What is Te Pare Taonga?
'Te Pare Taonga' is a Maori phrase with
- 'Te' meaning the
- 'Pare' meaning a carved slab over a door.
- 'Taonga' meaning anything that is highly prized.
Therefore 'Te Pare Taonga' refers to the carving placed above the entrance to the New Zealand Defence Force Command and Staff College, and its significance to the staff and course members of the College.
Te Pare Taonga tells the story of the College and provides an important first visual impression for all staff, course members and visitors as they enter the College. It serves to remind us of the role of the College as the country's highest level provider of residential professional military education for officers from New Zealand and other regional countries. The tri-Service nature of the College and its history dating back to 1950 are also told through this carving.
Mr David Te Hira was commissioned to produce this carving for the New Zealand Defence Force Command and Staff College in 2004. The carving was formally unveiled on 17 May 2005.
The Pare consists of seven elements, representing the following:
Three central figures
Each figure is carved with different patterns to indicate the uniqueness of each service. Their arms are together to represent ‘strength in unity’. Individually, the figures symbolise the following:
- The Rangatira (Chief) at the left is using a Hoe (paddle) to row the Waka (canoe), representing the Royal New Zealand Navy. This figure symbolises teamwork, the importance of good technique, of purpose and direction.

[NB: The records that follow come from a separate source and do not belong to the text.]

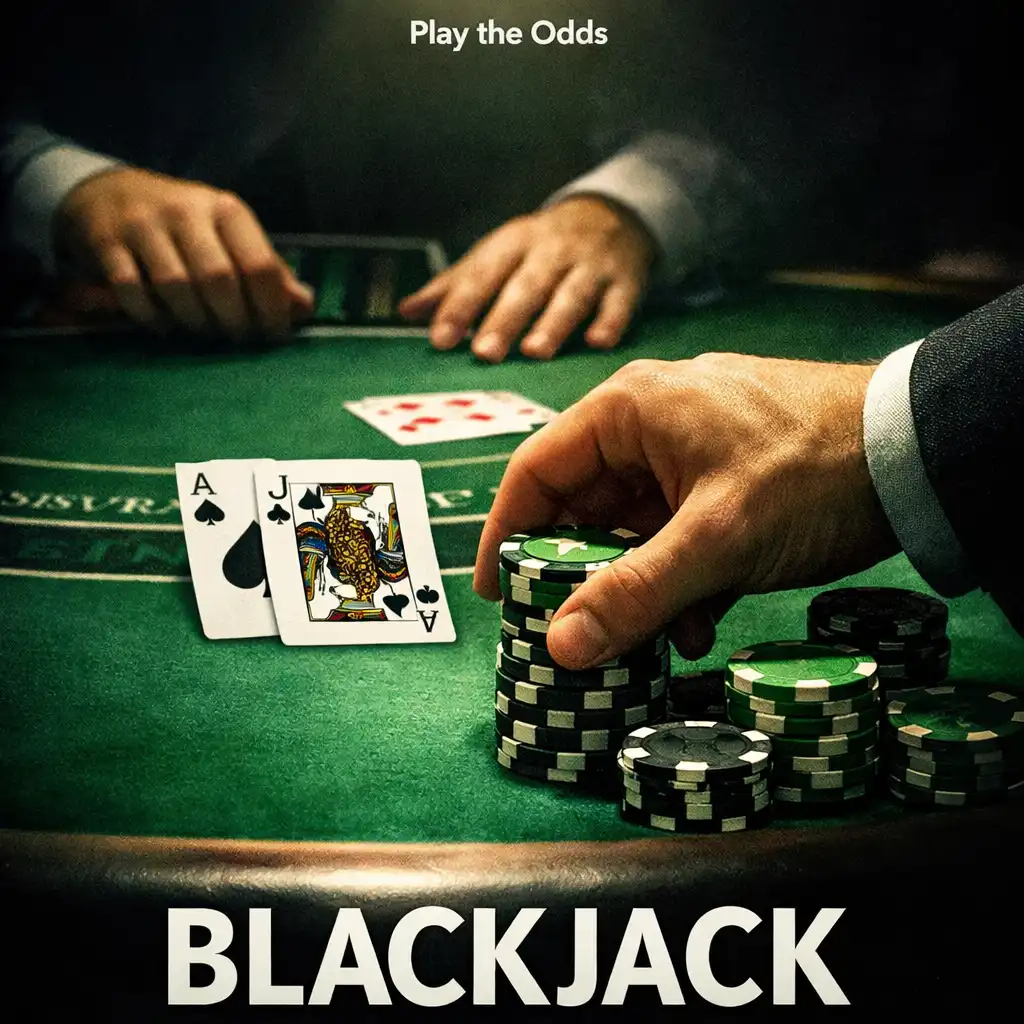 Film poster for a blackjack drama showing a close-up of a blackjack table with cards being dealt and a hand placing a bet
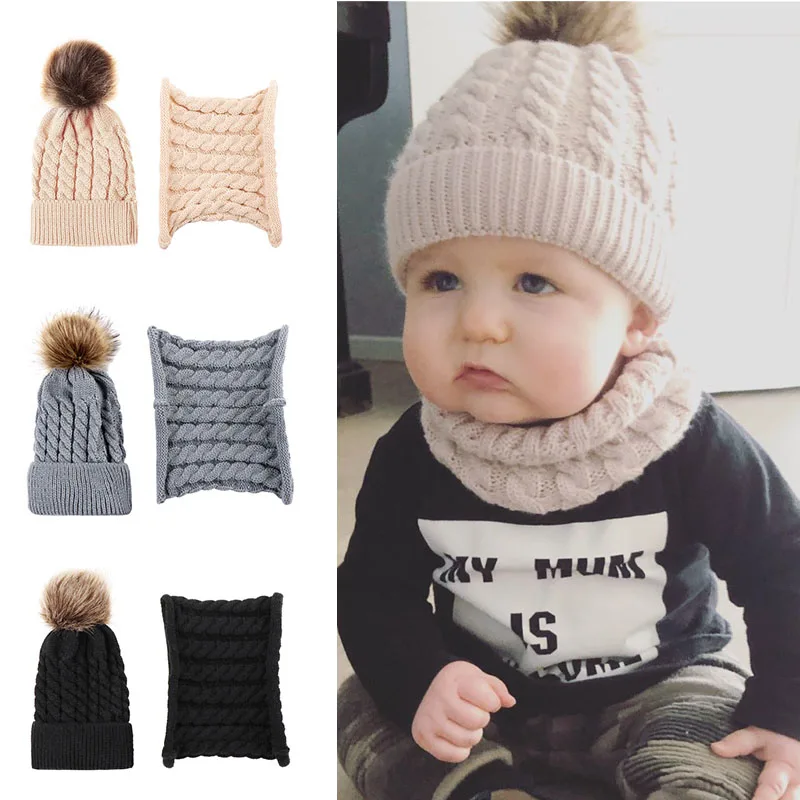 

2pcs/Set Kids Hat Scarf With Pompom Winter Warm Knitted Boys Girls Cap Beanie Bonnet Neck Warmer Chlidren Hat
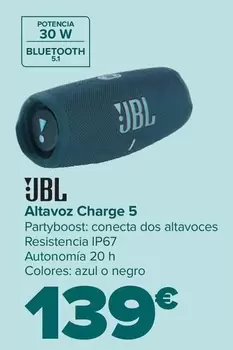 Oferta de JBL - Altavoz Charge 5 por 139€ en Carrefour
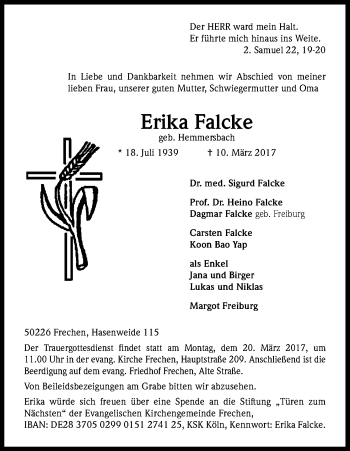 Anzeige von Erika Falcke von Kölner Stadt-Anzeiger / Kölnische Rundschau / Express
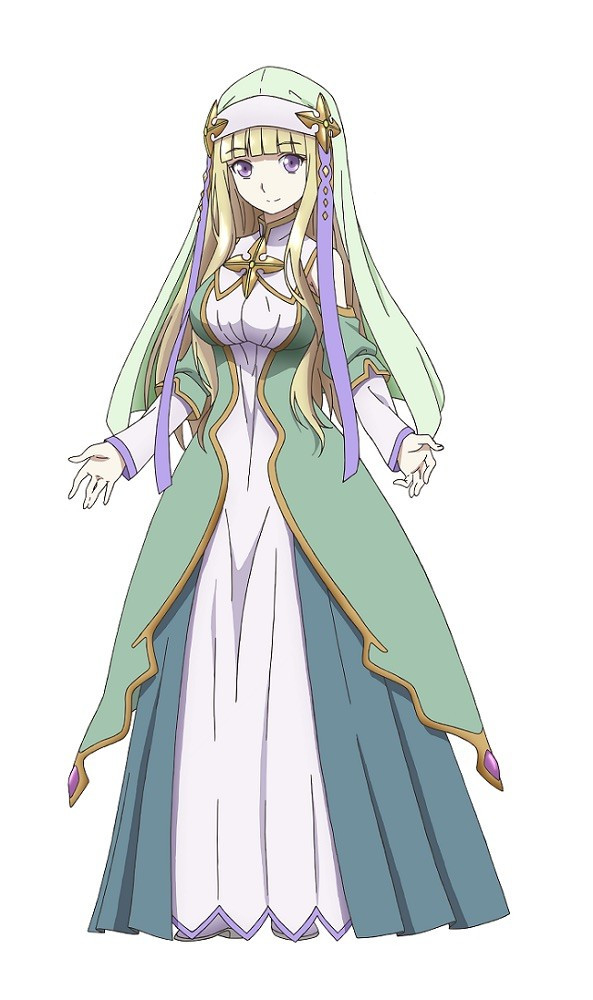 Elize, a main character in Hachinan-tte, Sore wa Nai Deshou!, is dressed in the long, flowing, green and gold robes of a cleric.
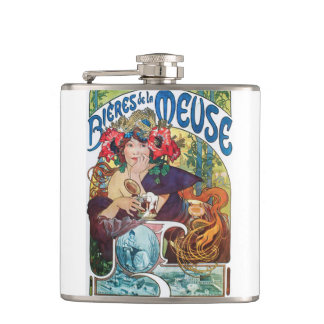 Petaca botella metálica del diseño del vintage del arte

- The Rangatira in the centre is holding a Hoeroa (Maori weapon of flight), representing the Royal New Zealand Air Force. A man of chiefly status would have used one of these weapons. It is said that one of its uses was to throw it at an opponent before retrieving it with an attached cord. This figure symbolises flight, skill and leadership.
- The Rangatira to the right is holding a Taiaha (Maori weapon similar to a spear) to depict the Wero (challenge) and hand to hand combat. This figure represents the New Zealand Army. This figure also symbolises welcome and personal discipline.

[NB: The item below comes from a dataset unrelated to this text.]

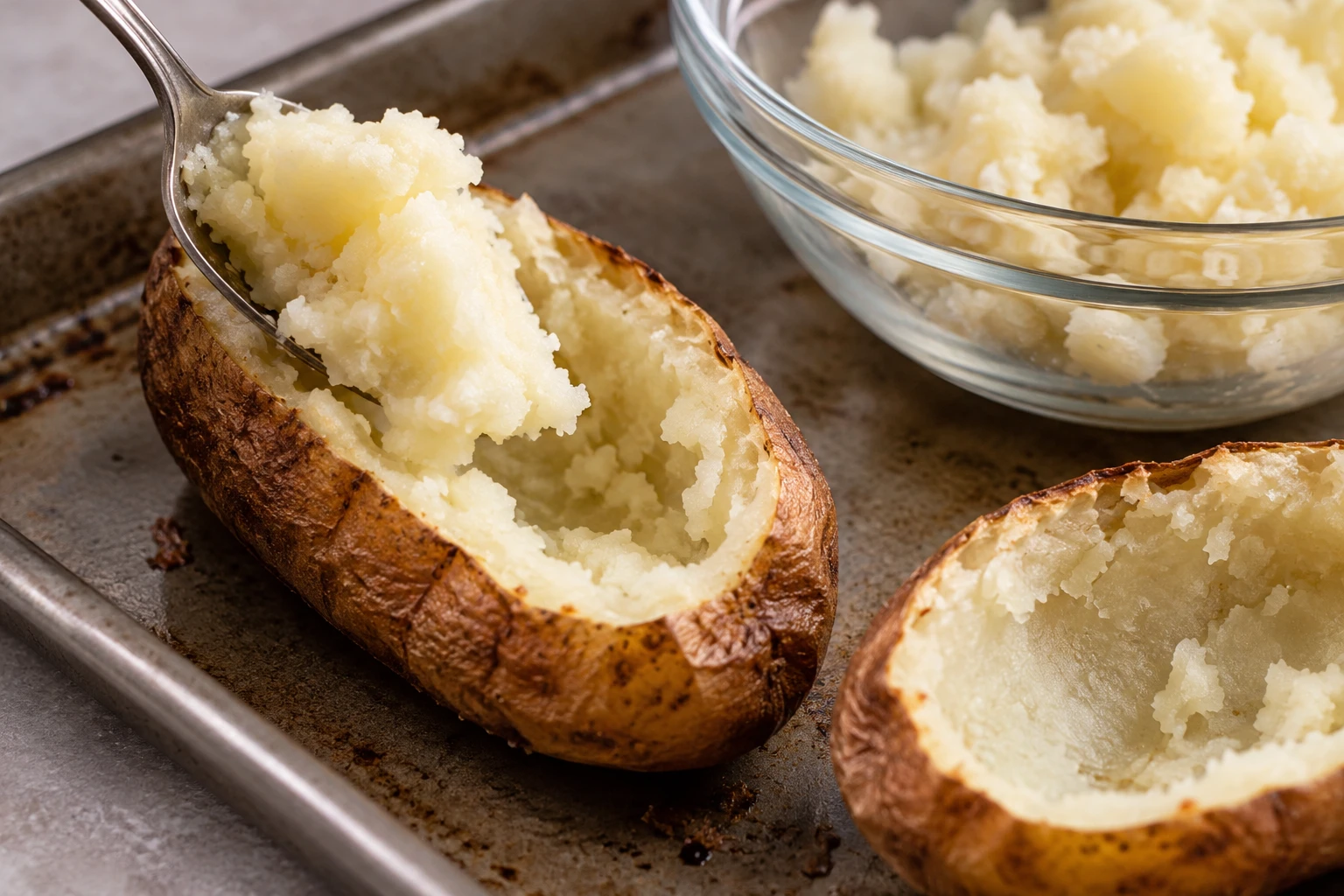A spoon lifts soft baked potato into a bowl while a thick layer remains inside the russet skin.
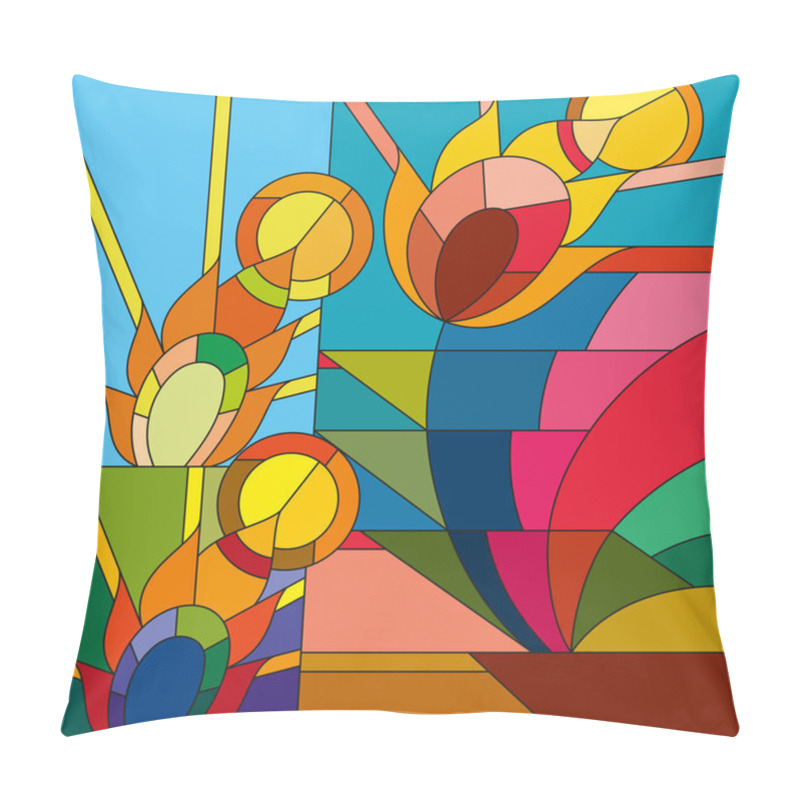 Personality  Art deco vector colored geometric flower feather in the sunshine pattern. Art deco stained glass pattern. Abstract pattern. pillow covers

The two carved figures laying at the foundation of this carving acknowledge the Mana Whenua (iwi (people) with authority in the area), the Ati Awa people that were the last to be established in the area.
The Large Manaia figures
Manaia refer to grotesque beaked figures often used in carving. The large Manaia figures at each end of the Pare are looking outwards and beyond, portraying vision, the future, and the pursuit of excellence in all that we do. They are also embracing the smaller Manaia in Manakitanga (hospitality) towards the visitors that come to the College.
An extension of pathways from the two Manaia at the bottom symbolises the course members who travel from all over New Zealand and different parts of the world to attend the Command and Staff College. They start at ground level and under the authority of the New Zealand Defence Force, continue up towards the top of the Pare.
The smaller Manaia
The smaller Manaia are connected to the upper pathways along the ridge of the very top. These Manaia acknowledge the many visitors that come to the College and symbolise their elevated status and that they will be served with excellence.
Kaimahi (workers) are represented by two Manaia on the outer sides. These Manaia are looking inwards, taking care of the Whanau (family), representing the staff that care for, train and empower others.
The Takarangi Pattern
The Takarangi Pattern (Spiral Pattern) depicts Te Ao Marama (World of Light) or the spiritual dimension. This is also a reminder that we can place our trust in God himself when we come in humility.